Internally multi methods will be stored with a name suffix, either seperated by the public name with \0 or @, followed by the types of the accepted arguments. The signature is encoded into the name. This is similar to C++ name mangling for the run-time dispatcher.

\0 is a good prefix because in cperl binary names are forbidden, for security and performance reasons.

@ would be a good prefix because cperl adopted @ from Devel:::NYTProf for names of anonymous subroutines. An “ANON” import method in cperl is named “import@” instead, in Devel:::NYTProf it would be even named “import@[package.pm,10-12]". perl5 anonymizes some names when the GV symbol is being thrown away to __ANON__, esp. with import methods.

Limitations

5.28 still has some class limitations.

The number of fields is limited, as in C.

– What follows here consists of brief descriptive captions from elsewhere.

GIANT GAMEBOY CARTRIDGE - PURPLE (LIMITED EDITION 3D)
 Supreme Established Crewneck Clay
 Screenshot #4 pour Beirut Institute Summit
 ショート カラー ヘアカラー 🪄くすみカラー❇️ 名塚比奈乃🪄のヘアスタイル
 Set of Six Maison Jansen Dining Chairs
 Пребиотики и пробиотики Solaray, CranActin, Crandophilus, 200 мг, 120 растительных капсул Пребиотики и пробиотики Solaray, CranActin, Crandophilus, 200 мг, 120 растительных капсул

The inliner is not yet implemented, so field index fixups with roles are not supported yet. When copying a method from a role to a class, and the field index from the role method would be different to a field index in the resulting class, the method is not yet fixed up to the new indices. A temp. solution would be to change the ordering of the roles, or to use the $self->field method syntax in the role method. This requires the not yet finished inliner. Currently we can only alias composed role methods and we don’t change the ordering of the fields.

eval ‘class {}’ fails

A class cannot be created in an eval block or subroutine. The pad lookup is still global and not per optional CvPADLIST. During development of cperl 5.28 I found the severe limitations of the perl5 pad design, the delegation of FAKE pads into nested scopes. upvalues are not copied or delegated to the real slot in the outer pad, but just marked as NULL FAKE pad. This led to severe compiler bugs, only fixed in 5.28.

i.e.

my @a[1];
sub { $a[1] = 1 }->();

missed the compile-time error inside the closed-over sub. Also all uoob (compile-time out-of-bounds checks) optimizations were missing on those nested fake PADs. So I had to add a new pad API pad_findmy_real to find the real pad/type of a nested lexical variable.